6. The method according to any one of claims 1 to 5, wherein, Rendering the filtered target point cloud data includes: The target point cloud data is used to perform lighting calculations using a preset lighting model, and the rendered image is displayed on the screen based on the lighting calculation results.
7. The method according to any one of claims 1 to 6, wherein, Acquire single-frame point cloud data, including: The single-frame point cloud data is obtained from the 3D video model; Accordingly, after rendering the filtered target point cloud data, the process also includes: The next frame of the single-frame point cloud data is obtained from the three-dimensional video model and used as the single-frame point cloud data. Point cloud data that does not fall within the preset imaging viewpoint are deleted from the single-frame point cloud data to obtain the point cloud data to be screened and other subsequent steps, until all frames in the three-dimensional video model are rendered.
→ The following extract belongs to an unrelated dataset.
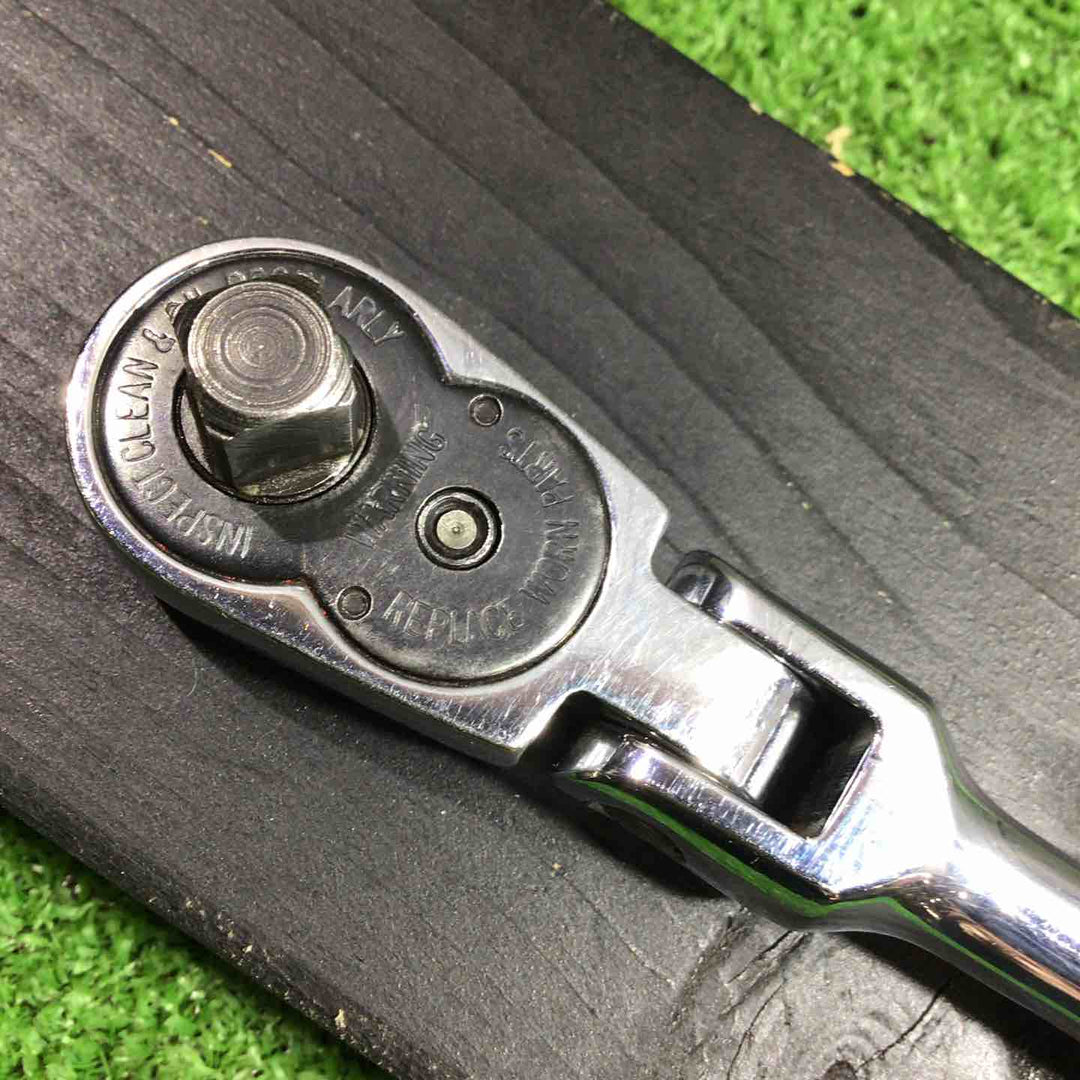 スナップオン(Snap-on) 3/8”首振りラチェットハンドル F735B 【川口店】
8. A data rendering apparatus, comprising: The acquisition module is configured to acquire single-frame point cloud data. The deletion module is configured to delete point cloud data that does not fall within the preset imaging viewpoint from the single frame point cloud data to obtain point cloud data to be screened. The determination module is configured to determine the number of pixels to be processed based on the desired pixel threshold and the number of screen pixels. The number of pixels to be processed is no greater than the number of pixels on the screen; The filtering module is configured to filter the point data in the point cloud data to be filtered based on the number of pixels to be processed and the screen depth value corresponding to each pixel to be processed. The rendering module is configured to render the filtered target point cloud data.
9. An electronic device, comprising: Memory, configured to store computer programs; A processor is configured to execute the computer program to implement the method as described in any one of claims 1 to 7.
10. A non-volatile storage medium configured to store a computer program, wherein, When the computer program is executed by a processor, it implements the method as described in any one of claims 1 to 7.